[Opening Input section]
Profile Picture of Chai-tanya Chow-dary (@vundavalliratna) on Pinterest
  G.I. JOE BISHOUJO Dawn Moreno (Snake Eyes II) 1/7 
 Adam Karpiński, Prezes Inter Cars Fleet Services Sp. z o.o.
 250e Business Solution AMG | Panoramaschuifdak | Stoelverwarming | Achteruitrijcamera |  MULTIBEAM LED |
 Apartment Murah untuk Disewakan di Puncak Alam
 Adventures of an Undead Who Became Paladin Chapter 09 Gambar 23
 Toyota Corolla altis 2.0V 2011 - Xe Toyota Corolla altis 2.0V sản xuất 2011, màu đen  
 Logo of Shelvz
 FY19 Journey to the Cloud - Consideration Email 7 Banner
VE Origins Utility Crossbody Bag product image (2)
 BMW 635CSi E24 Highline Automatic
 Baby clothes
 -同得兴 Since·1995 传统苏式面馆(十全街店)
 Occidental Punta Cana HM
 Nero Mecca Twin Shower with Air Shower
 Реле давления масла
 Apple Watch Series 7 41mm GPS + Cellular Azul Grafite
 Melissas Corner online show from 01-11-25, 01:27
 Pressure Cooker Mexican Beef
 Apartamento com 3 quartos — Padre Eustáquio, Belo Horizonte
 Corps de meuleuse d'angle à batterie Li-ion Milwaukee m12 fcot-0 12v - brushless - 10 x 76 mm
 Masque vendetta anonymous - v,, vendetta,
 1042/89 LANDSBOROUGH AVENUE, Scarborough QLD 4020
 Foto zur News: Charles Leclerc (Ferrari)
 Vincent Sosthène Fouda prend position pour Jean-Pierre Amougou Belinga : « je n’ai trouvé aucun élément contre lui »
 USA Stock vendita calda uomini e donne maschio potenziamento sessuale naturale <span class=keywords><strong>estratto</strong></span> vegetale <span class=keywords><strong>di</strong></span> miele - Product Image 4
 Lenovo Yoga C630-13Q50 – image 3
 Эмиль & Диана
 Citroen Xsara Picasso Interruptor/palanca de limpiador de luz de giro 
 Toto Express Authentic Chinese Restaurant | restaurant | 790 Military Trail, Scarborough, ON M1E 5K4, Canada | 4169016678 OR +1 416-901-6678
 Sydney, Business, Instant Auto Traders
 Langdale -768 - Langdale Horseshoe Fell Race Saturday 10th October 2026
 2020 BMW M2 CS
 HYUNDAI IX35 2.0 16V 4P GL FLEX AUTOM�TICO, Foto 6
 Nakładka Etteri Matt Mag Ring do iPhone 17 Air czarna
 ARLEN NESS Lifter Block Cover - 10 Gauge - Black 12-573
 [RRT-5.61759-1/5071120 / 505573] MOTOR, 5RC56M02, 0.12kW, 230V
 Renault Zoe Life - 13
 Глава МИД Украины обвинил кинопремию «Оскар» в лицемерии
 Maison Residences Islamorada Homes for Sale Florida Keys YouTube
[Closing Input section]
Show every line above where "Scarborough" is found.

 1042/89 LANDSBOROUGH AVENUE, Scarborough QLD 4020
 Toto Express Authentic Chinese Restaurant | restaurant | 790 Military Trail, Scarborough, ON M1E 5K4, Canada | 4169016678 OR +1 416-901-6678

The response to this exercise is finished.